→ Task item:
The response should be an exact transcription of the data below, free of images.

→ Information provided:
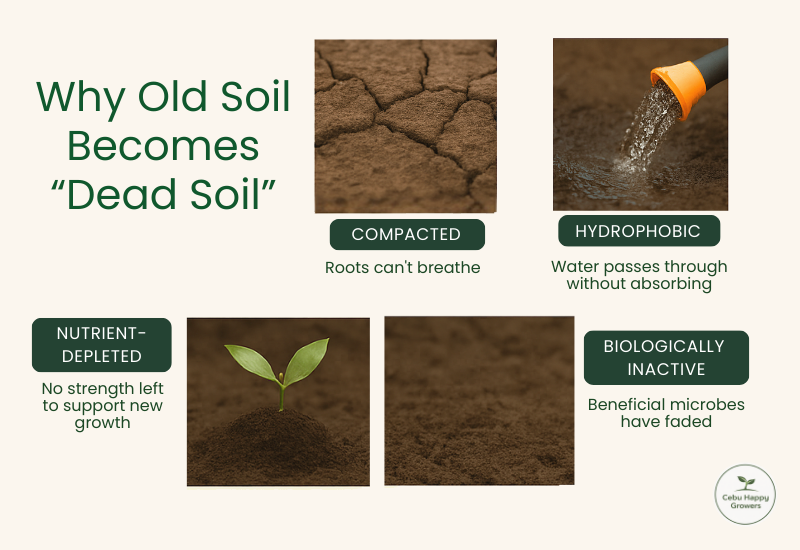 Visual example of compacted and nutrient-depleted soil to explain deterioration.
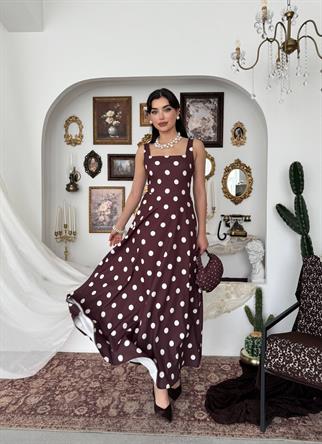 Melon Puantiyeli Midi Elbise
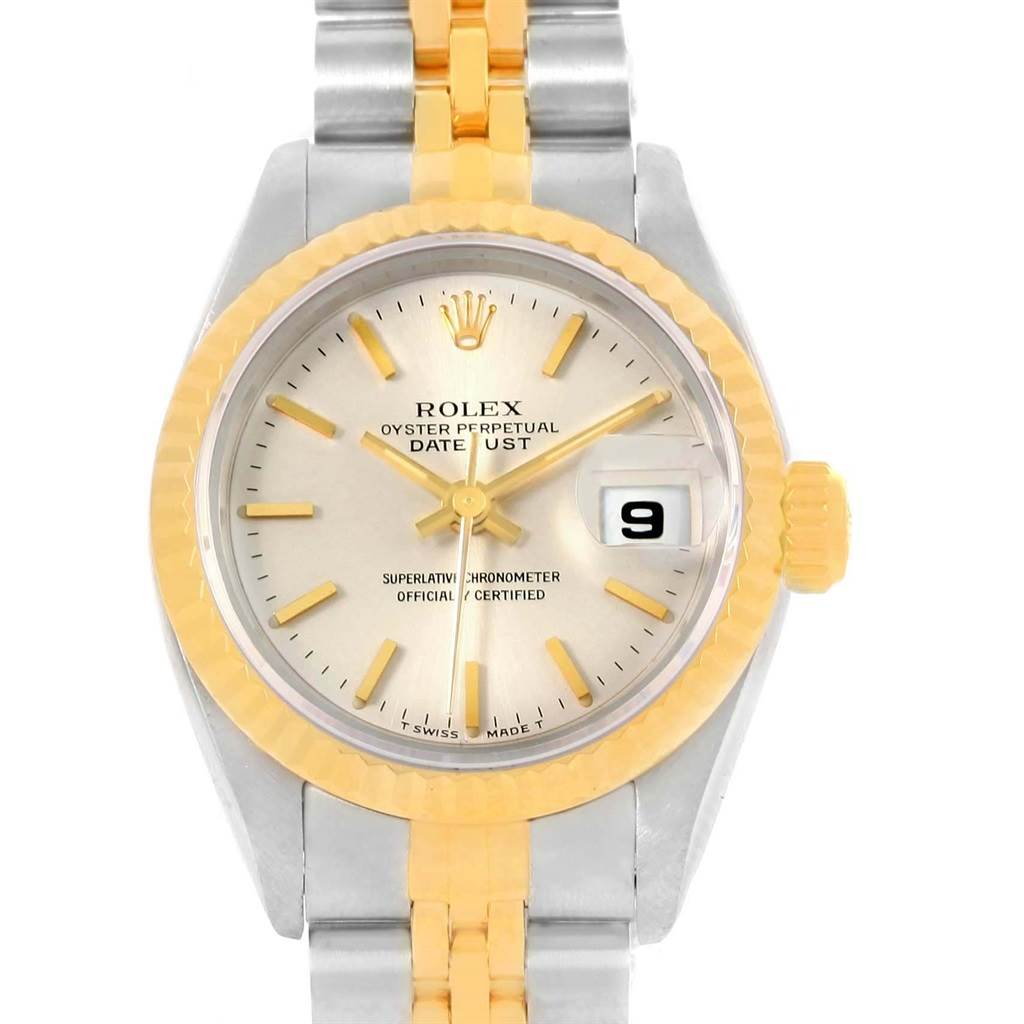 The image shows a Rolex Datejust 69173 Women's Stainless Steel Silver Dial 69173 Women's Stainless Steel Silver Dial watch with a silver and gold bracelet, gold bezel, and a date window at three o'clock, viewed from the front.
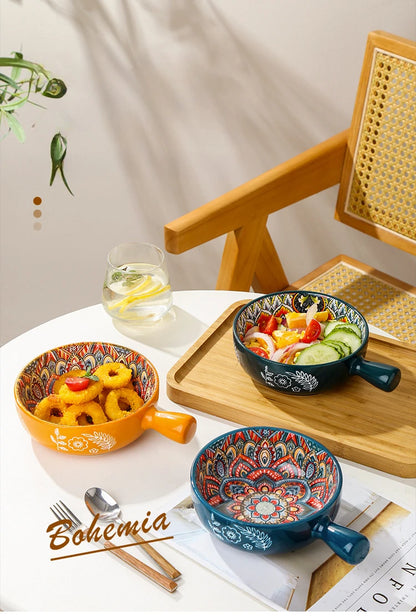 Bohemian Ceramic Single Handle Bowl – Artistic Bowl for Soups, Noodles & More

→ Task output:
 Visual example of compacted and nutrient-depleted soil to explain deterioration.
 Melon Puantiyeli Midi Elbise
 The image shows a Rolex Datejust 69173 Women's Stainless Steel Silver Dial 69173 Women's Stainless Steel Silver Dial watch with a silver and gold bracelet, gold bezel, and a date window at three o'clock, viewed from the front.
 Bohemian Ceramic Single Handle Bowl – Artistic Bowl for Soups, Noodles & More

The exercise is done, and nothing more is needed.